According to Johnson, the drafters of death penalty argue that it promotes law and order. The desire is to reduce crime and promote citizens. Death penalty is a tool for achieving this objective. Death penalty is an example of correctional instrument that works through existence and application. Through existence, the penalty works through deterrence while in application it serves to eliminate bad behavior. The latter can also achieve the deterrence function. Hence, death penalty is a strong tool for creating law and order.

Proponents argue that the death penalty is a tool that deters crime. According to Lamperti, deterrence is a practice of making people keep off crime by making the punishments more severe. The punishment is so severe that a person avoids or does not repeat an offense again. At the same time, the punishment is used as an example to deter other people. Thus, people learn to keep off the crime after witnessing the application of the punishment. To achieve this result in behavior control, death penalty is viewed as a stronger tool that life in prison. Particularly, the death penalty is fronted for crimes such as murder and treason. Supporters argue that such crimes are so serious for lesser punishments. Deterrence works through fear and the fear factor governs human behavior. According to Lamperti, this is an instrumentalist idea where people who greatly fear crime believe the death penalty is an instrument of building a safe and secure society.
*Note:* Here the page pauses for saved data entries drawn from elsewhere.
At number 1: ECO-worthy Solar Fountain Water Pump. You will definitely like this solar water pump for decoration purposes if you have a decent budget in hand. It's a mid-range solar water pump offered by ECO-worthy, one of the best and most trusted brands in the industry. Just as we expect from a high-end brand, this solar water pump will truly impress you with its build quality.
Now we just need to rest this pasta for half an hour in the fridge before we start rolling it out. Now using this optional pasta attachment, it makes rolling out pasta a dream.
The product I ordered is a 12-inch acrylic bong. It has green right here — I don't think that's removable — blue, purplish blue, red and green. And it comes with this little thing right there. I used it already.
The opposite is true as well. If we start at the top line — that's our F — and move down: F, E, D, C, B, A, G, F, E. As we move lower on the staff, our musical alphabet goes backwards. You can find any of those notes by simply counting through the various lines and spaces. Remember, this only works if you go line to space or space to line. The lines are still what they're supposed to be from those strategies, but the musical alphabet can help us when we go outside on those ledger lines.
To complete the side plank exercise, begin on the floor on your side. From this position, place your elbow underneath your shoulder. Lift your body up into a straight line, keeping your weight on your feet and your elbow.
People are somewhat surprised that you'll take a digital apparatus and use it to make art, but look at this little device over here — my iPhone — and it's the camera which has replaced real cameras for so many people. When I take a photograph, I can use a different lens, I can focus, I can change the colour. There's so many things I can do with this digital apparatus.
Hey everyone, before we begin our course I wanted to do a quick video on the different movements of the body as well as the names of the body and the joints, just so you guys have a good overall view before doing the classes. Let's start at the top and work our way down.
Similarly, Kramer notes that death sentence achieves the function of denunciation in managing crime. The use the penalty generally condemns capital offenses through public condemnation. Death penalty expresses public hatred and revenge to these crimes. Thus, it is a worthy moral stance. The system effectively communicates its dissatisfaction to the public through death sentences.

According to Gavril, death penalty causes incapacitation. Incapacitation is the creation of an atmosphere where offenders are placed in controlled environments by the government. As a result, the offense cannot be repeated. The idea is that a person who has been killed cannot kill, rape or terrorize other people again. In the end, the person possesses no threat to the society. Incapacitation thus justifies the need to apply death penalty. Equally, the death penalty is a tool for reducing the number of bad people in the society. It is a harsh stance that eliminates socially unfit people from the society.
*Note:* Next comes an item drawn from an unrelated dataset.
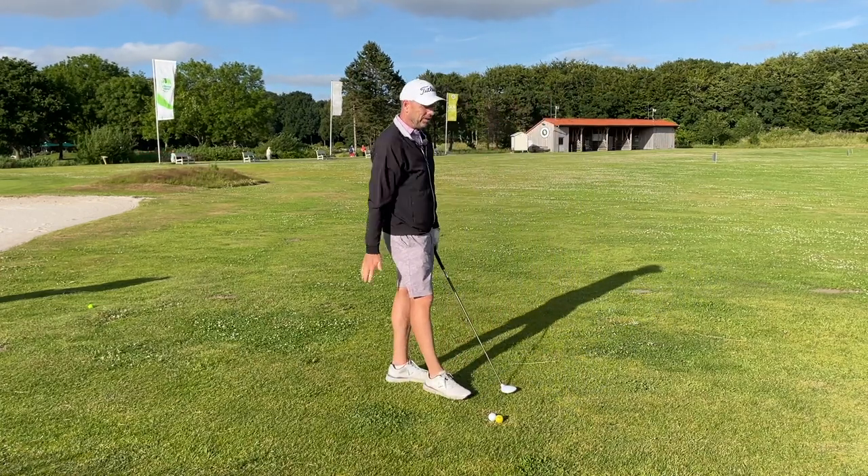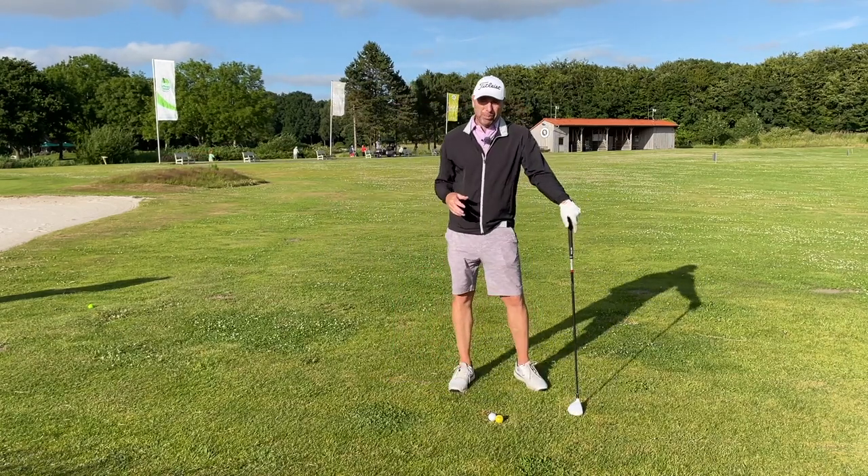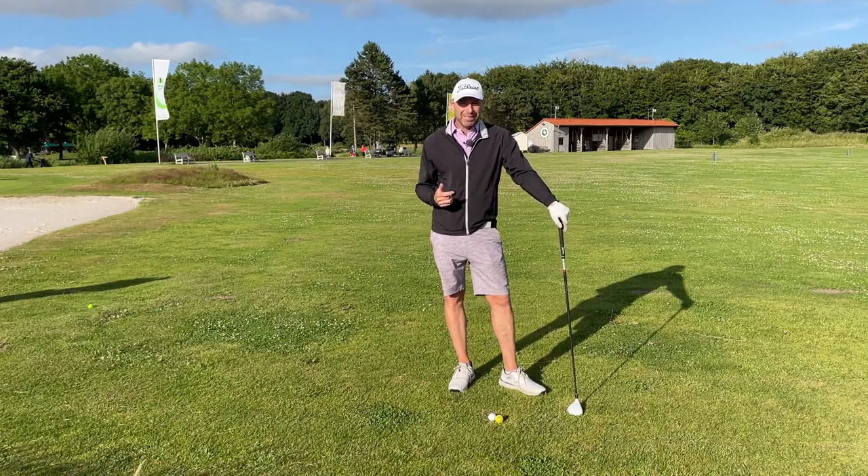I'm very careful with my alignment. I hope one, two, or three of those points help you find more fairways.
Similarly there are arguments that life in prison without parole as a punishment does not adding meaning to life for prisoners. It in calculates a culture of hopelessness that is solved through death penalty. Thus, to save prisoners from living a frustrated and meaningless life a death sentence should be applied. Thus, to dignify life, death penalty allows offenders to appreciate their lives until the point of death. On the other hand, death is viewed as a normal practice. According to Gavril, people lose their lives daily therefore validating the use of the death practice as a normal tool. This school of thought equates death from execution to work related or accidental deaths. Death is an everyday event that should be embraced.
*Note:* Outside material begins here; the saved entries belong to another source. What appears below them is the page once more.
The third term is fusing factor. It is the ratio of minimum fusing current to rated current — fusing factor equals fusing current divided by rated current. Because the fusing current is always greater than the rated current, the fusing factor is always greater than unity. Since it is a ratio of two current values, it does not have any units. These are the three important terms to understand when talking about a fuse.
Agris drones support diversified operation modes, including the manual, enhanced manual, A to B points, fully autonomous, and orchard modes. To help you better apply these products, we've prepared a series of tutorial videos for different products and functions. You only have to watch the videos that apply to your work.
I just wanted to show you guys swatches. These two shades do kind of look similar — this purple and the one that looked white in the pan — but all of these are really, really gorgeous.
According to Warden, death sentences reduce congestion in the correction systems. Correction facilities are faced with tight budgets. As a result, there is shortage of manpower and resources to maintain the ever increasing numbers of inmates. Thus, the application of punishment creates some room. However, the author argues that the tool is insignificant since the attrition rate caused by the death penalty is small. Further, it takes time before an inmate is executed.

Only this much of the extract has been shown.